Jack DeJohnette é o músico com mais gravações na ECM. Em alguns desses projetos, o baterista dialoga com a espacialidade musical no Jazz.

A ECM Records (Edition Of Contemporary Music), traduzida para o português como “edição de música contemporânea”, conta com um catálogo de centenas de gravações, contemplando o que o trompetista americano Wadada Leo Smith chamou de “música contemporânea improvisada”.

Wadada, que já gravou discos antológicos pela ECM – como o clássico “Divine Love”, lançado em 1978 – foi o responsável por nomear a sigla deste que se transformou num dos maiores selos da história da música.

ECM Records – Edition Of Contemporary Music

São mais de 50 anos de história que seguem prolífico até hoje, desde que a iniciativa do produtor alemão Manfred Eicher – ao lado de notáveis como o engenheiro de som norueguês, Jan Erik Kongshaug, corresponsável por cunhar a estética do selo – criou uma nova perspectiva de produção musical.

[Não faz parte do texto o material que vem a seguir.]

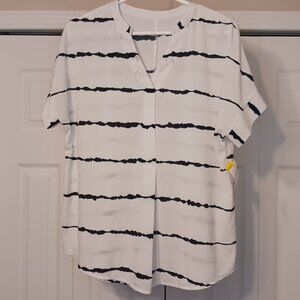 #187 3/$18 - White/Black Short Sleeve Top Size S
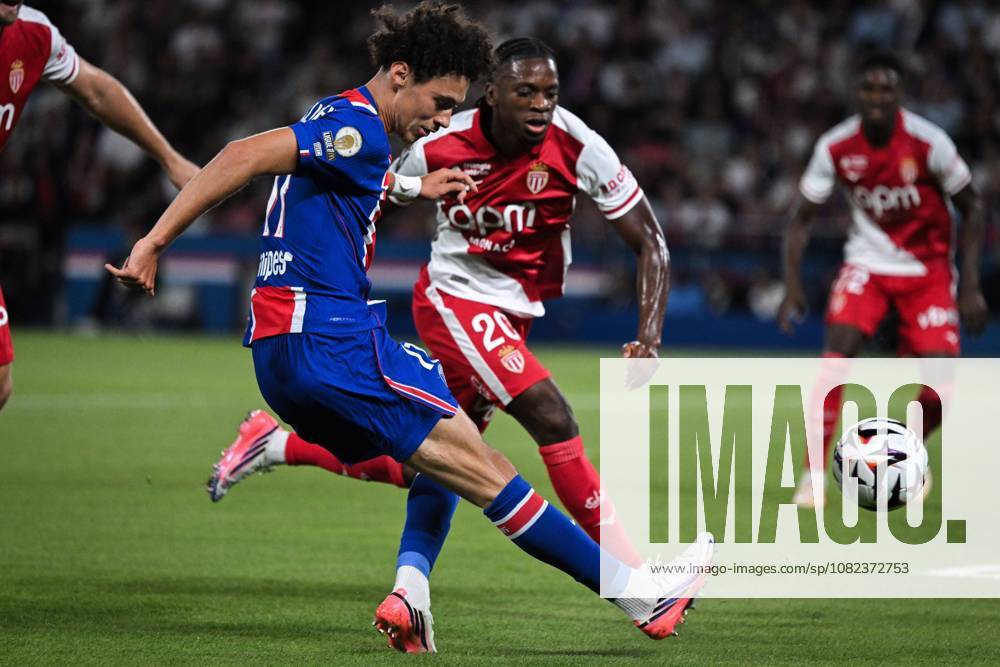 PARIS, FRANCE - SEPTEMBER 4, 2026: Paris Saint-Germainâ€⠢s forward Maghnes Akliouche kicks the ball during the French L1 football match between Paris Saint-Germain and AS Monaco at the Parc des Princes stadium in Paris on September 4, 2026. Ligue 1 PSG Vs AS Monaco - ZUMAq101 20260904_zna_q101_193
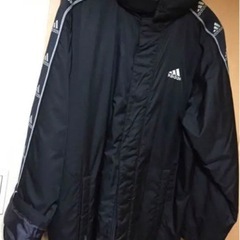 adidas ベンチコート Sサイズの画像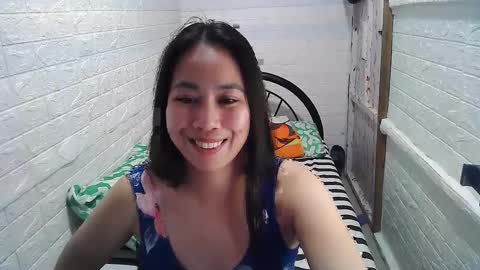 Snapshot of asian_sexydimples chatting on January 11, 5:18 pm Trixie online show from January 11, 5:18 pm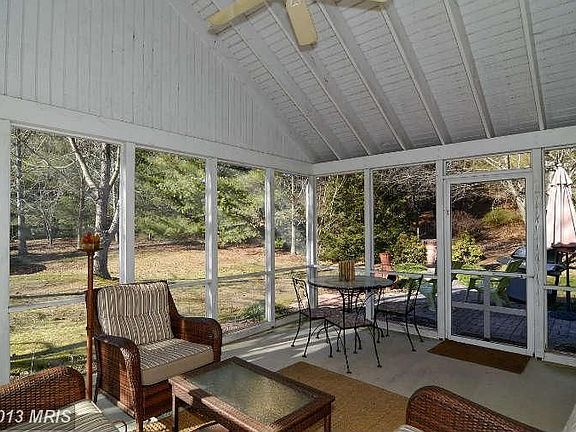 5th image of 21104 Chrisman Hill Ct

A abordagem da ECM para produzir música é amplamente influenciada pela música clássica, um traço inexorável dessa produção, pois a essência da ideia de Manfred era produzir Jazz e outras formas de expressão, sempre pensando na música de concerto como mote criativo para a captação do registro.

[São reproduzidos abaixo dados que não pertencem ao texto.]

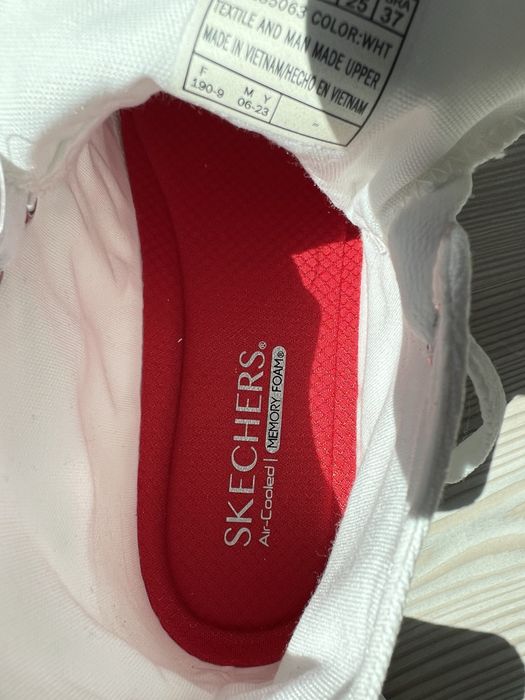 Skechers Air foam кешове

Essa ideia tangibiliza novas possibilidades, tanto em termos de trabalho no estúdio, quanto fora dele. Influenciado pelas cordas que ecoam nas maiores salas da Europa, Manfred deu o mesmo fino trato da produção erudita para o Jazz e o resultado é tão rico que acaba estimulando um novo tipo de escuta.

A ECM faz o ouvinte ganhar consciência do silêncio e do espaço – pensando no pacote completo de cada lançamento (imagem e som) – que borra a fronteira dos sentidos, principalmente quando toma contato com o forte apelo imagético de cada lançamento do selo.

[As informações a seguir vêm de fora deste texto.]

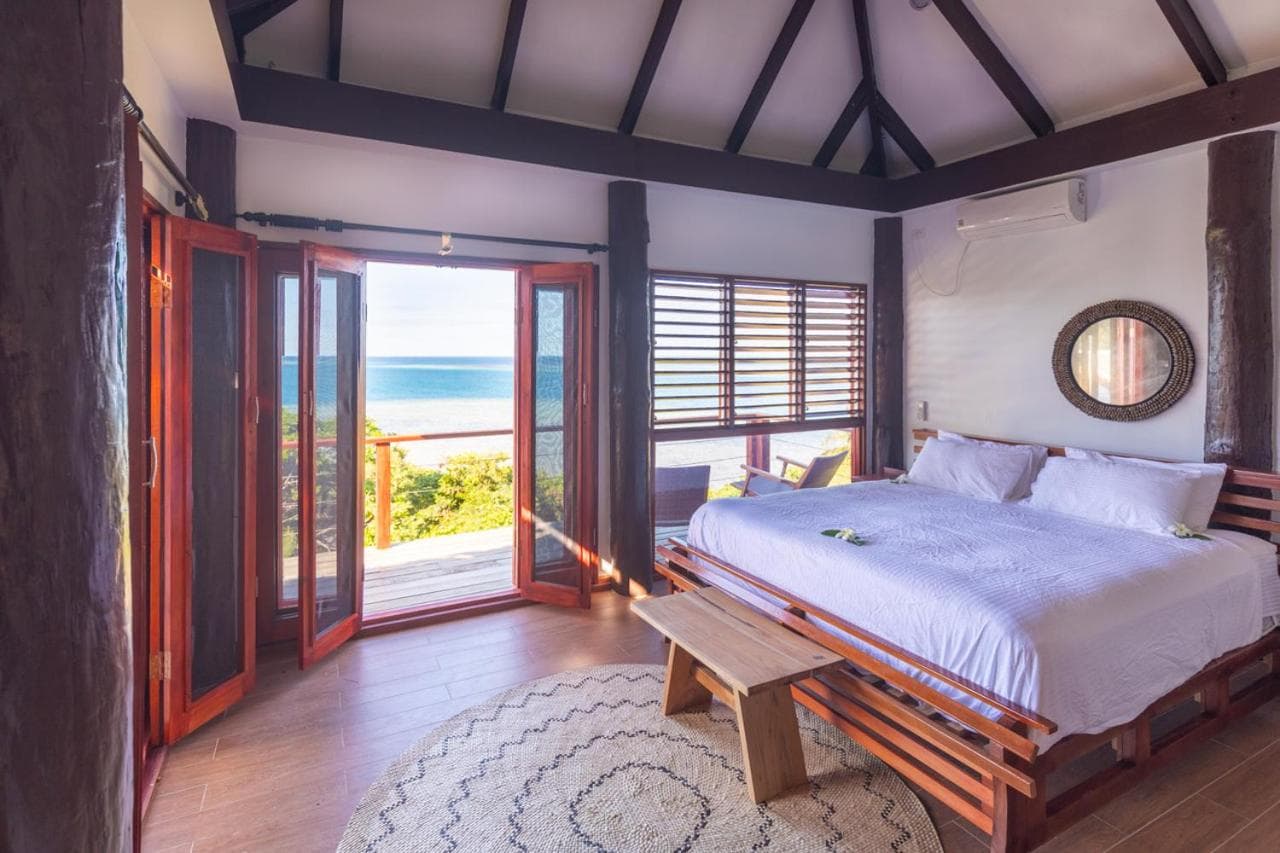 Villa - Beach Front at Private Oceanfront Fijian Villa Sleeps 8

Dessa forma Manfred transforma o ato de escutar música numa verdadeira experiência, conectando outros estímulos e trazendo uma nova percepção musical, com esse lugar de escuta da música clássica, mas com a mesma visão para produzir orquestras ou projeto de Free Jazz, por exemplo.

A ideia é oferecer uma escuta limpa, com o mínimo de edição possível. Valoriza-se o som dos instrumentos e sua relação com o espaço. Com uma captação precisa, cada disco recebe uma roupagem que aos poucos vai ficando cada vez mais familiar para o ouvinte, conforme mais discos do selo rodam na vitrola.

Jack DeJohnette – New Directions

Um disco que serve como plano de fundo para ilustrar o papel da espacialidade sonora nas gravações, é o único trabalho de estúdio do projeto intitulado “New Directions” – grupo fomentado pelo baterista Jack DeJohnette – com LP debutante, gravado e lançado em 1978.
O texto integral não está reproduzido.